The Sound of Silence

The antique brass bell above the shop door chimed, sharp and demanding, slicing through the silence, but I didn't even lift my head. Tuesday at "The Sheet Music Archive" was always inventory day—an endless, dusty purgatory consisting of counting stacks of paper that smelled of vanilla and old age. I hated Tuesdays. And perhaps that was exactly why I was currently taking out my boredom and irritation on the worn ivory keys of the old upright piano tucked in the corner.

My fingers flew across the keys, hammering out Chopin’s Prelude in E Minor. I wasn’t playing it the way my conservatory professor had taught me—with restraint and melancholy. No, today I was playing it with a dull, suppressed rage, letting the chords ring out a little longer and sharper than necessary.

"You play that like you're angry at it."

The voice came out of nowhere, low and gravelly, like the sound of tires on a gravel driveway. It was unfamiliar, unsettling, and strangely out of place in this kingdom of dust and Mozart.

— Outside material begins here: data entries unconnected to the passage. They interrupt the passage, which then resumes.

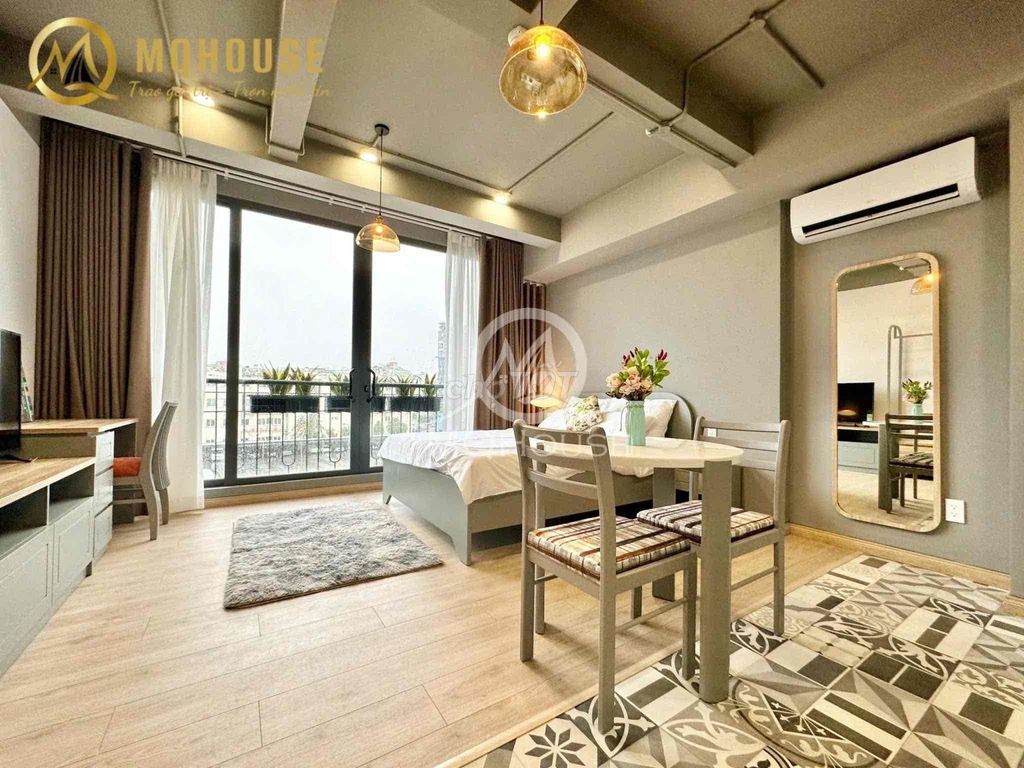 mini apartments enter. Phan Huy Ích is just ahead of us.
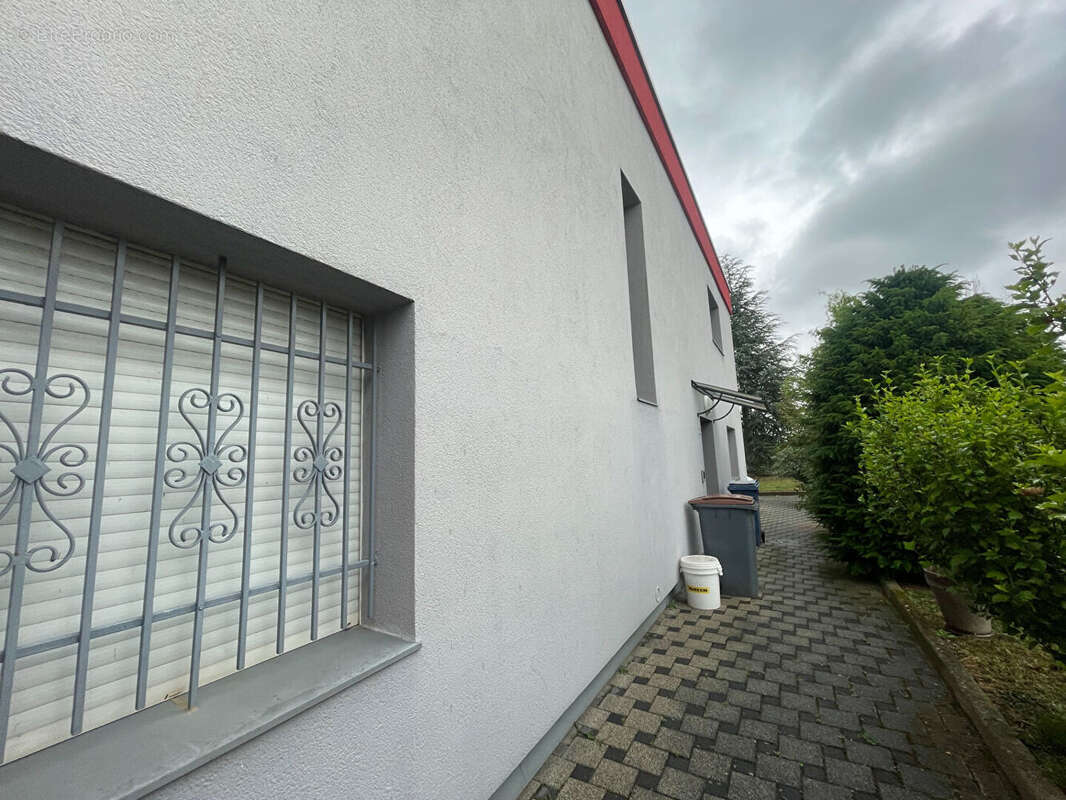 Commerce à WITTENHEIM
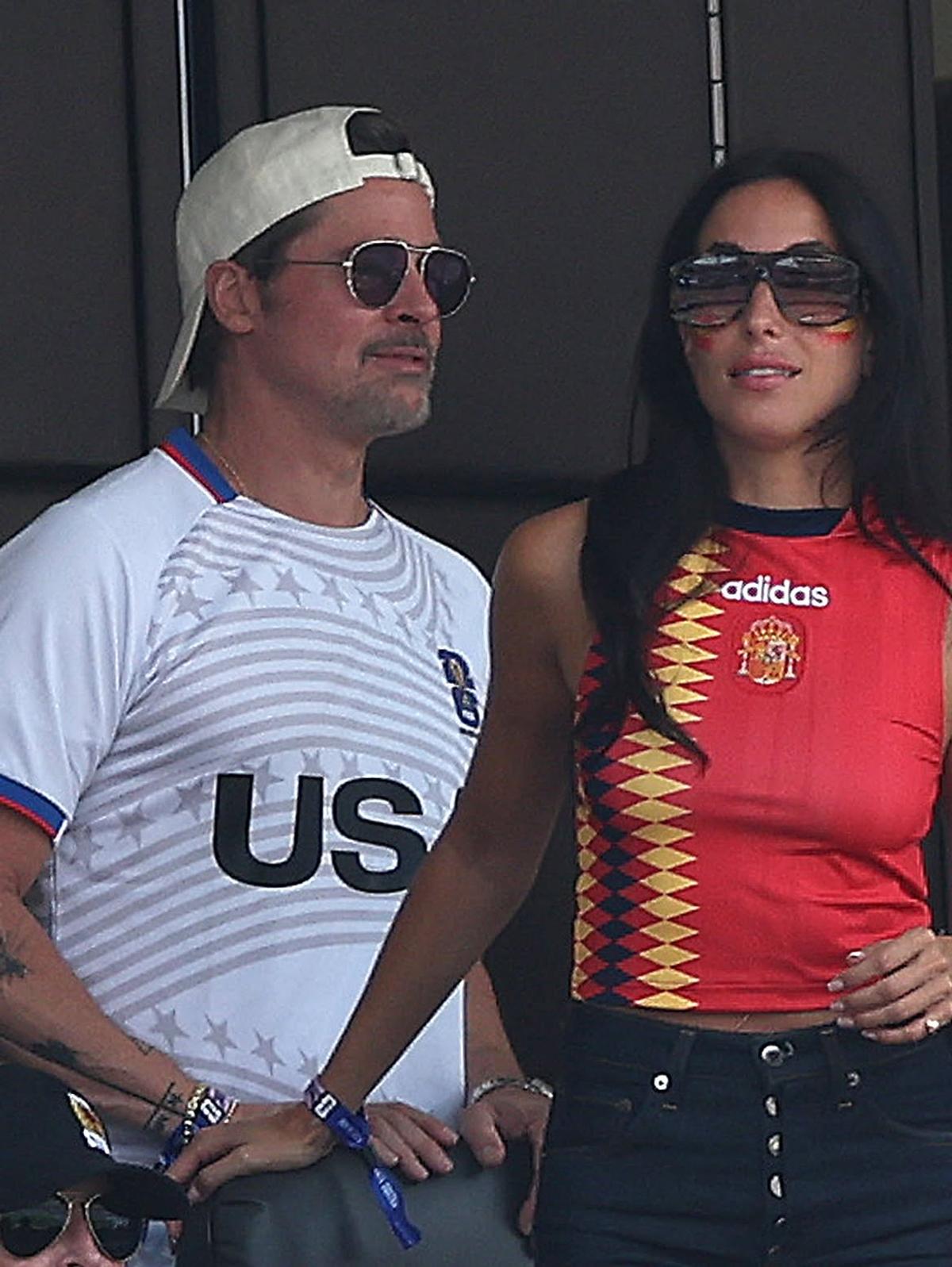 Brad Pitt, prezent la Spania - Belgia cu iubita mai tânără cu 29 de ani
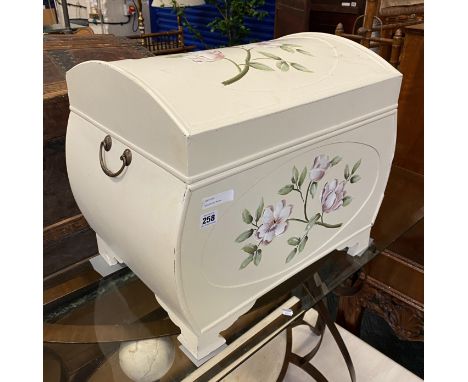 DECORATIVE TRUNK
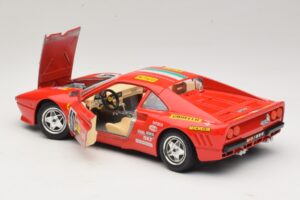 Ferrari 288 GTO #40 Червен Bburago 1:18 3027-P4 Метал — снимка 5 от 8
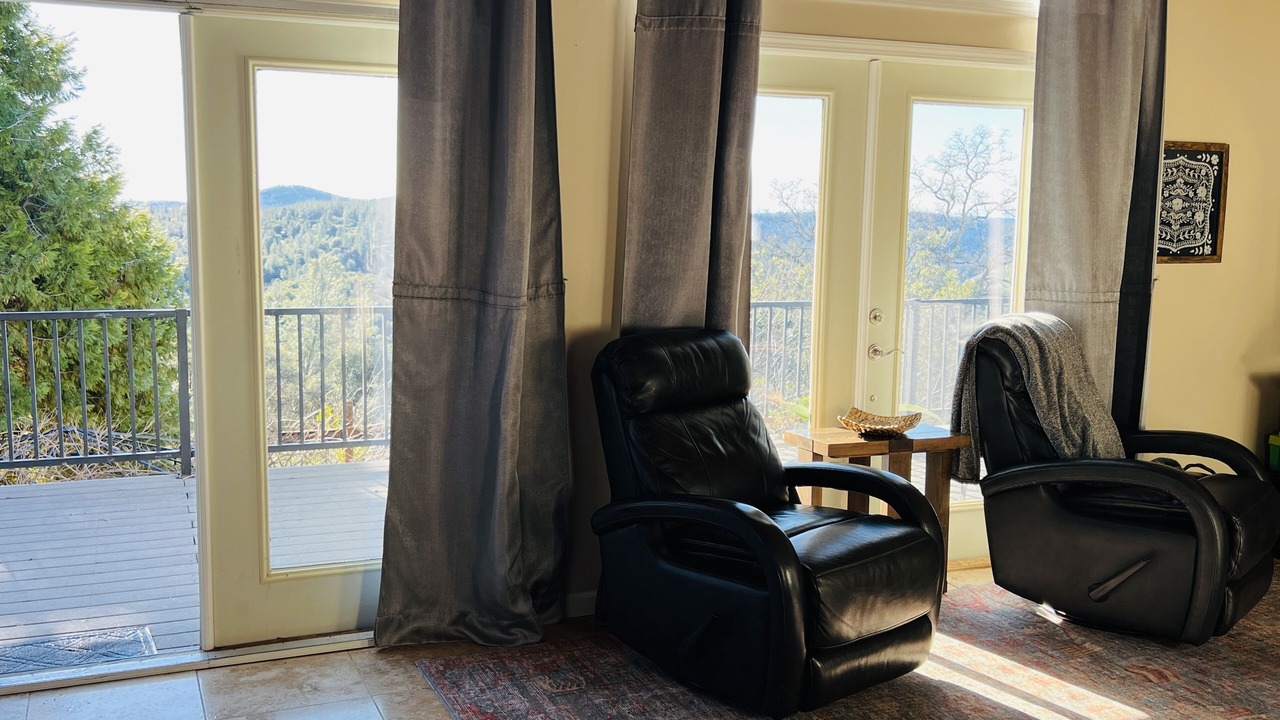 Photo of Bedroom in Iowa Hill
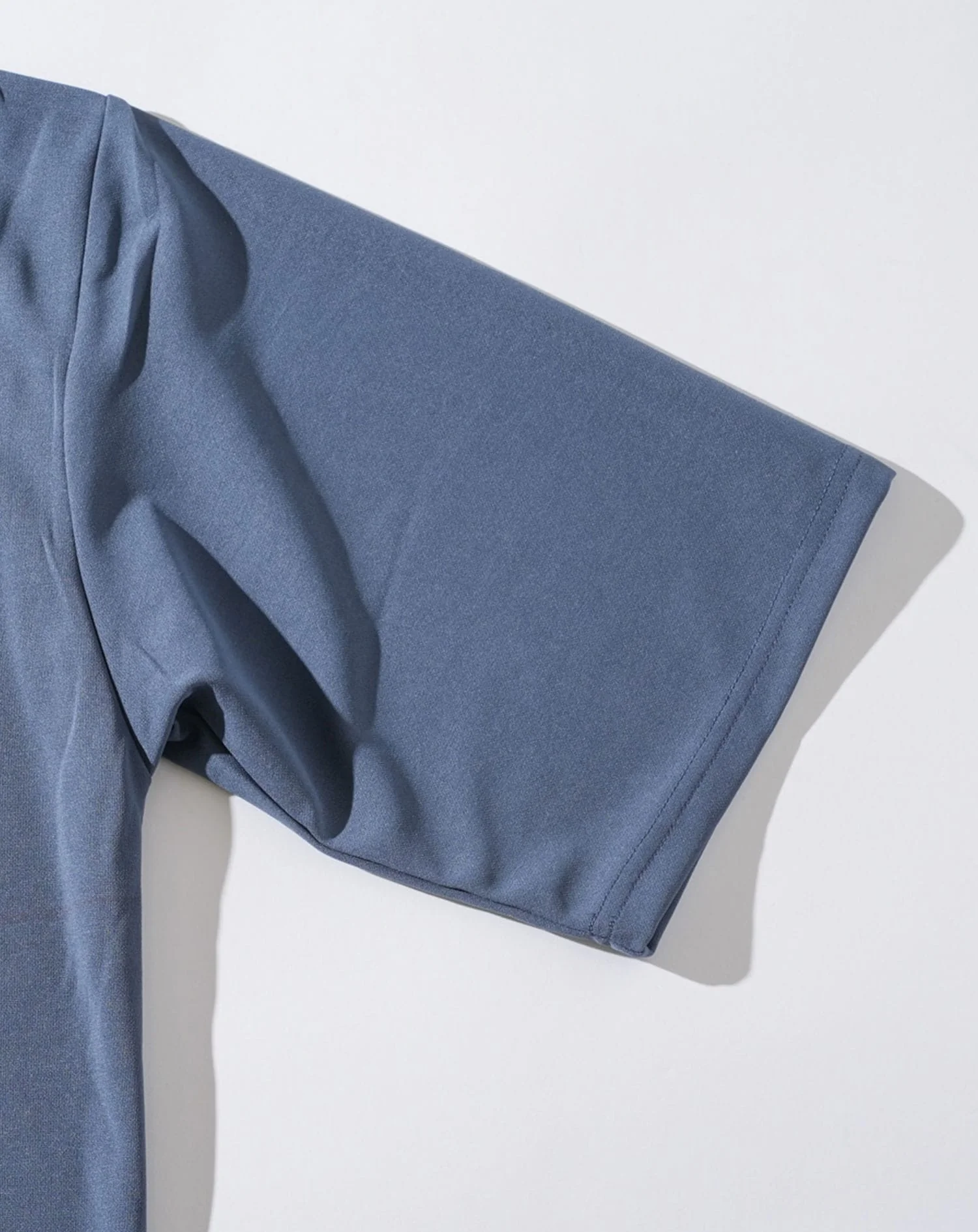 接触冷感オーバーサイズフェイクレイヤード半袖クルーネックTシャツ - Image 25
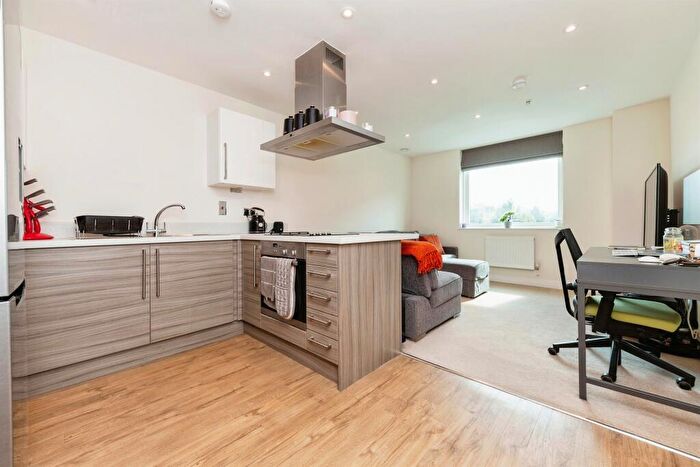 1 Bedroom Apartment For Sale In Bessemer Road, Welwyn Garden City, AL7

I snapped my head up, my hands freezing over the keys.

He stood at the entrance, blocking the weak afternoon daylight filtering through the display window. He wasn't a local. In Portland, people dressed in practical raincoats and fleece, their faces bearing the imprint of perpetual dampness. This man was different. All sharp angles, wind-chafed, tanned skin as if he’d just returned from the desert, and eyes firmly hidden behind dark aviator sunglasses, despite the dimness of the room.

He looked less like a man running from something and more like a man whom that 'something' had already caught and begun to devour from the inside out.

The final chord of the prelude hung in the air, unresolved, vibrating with tension.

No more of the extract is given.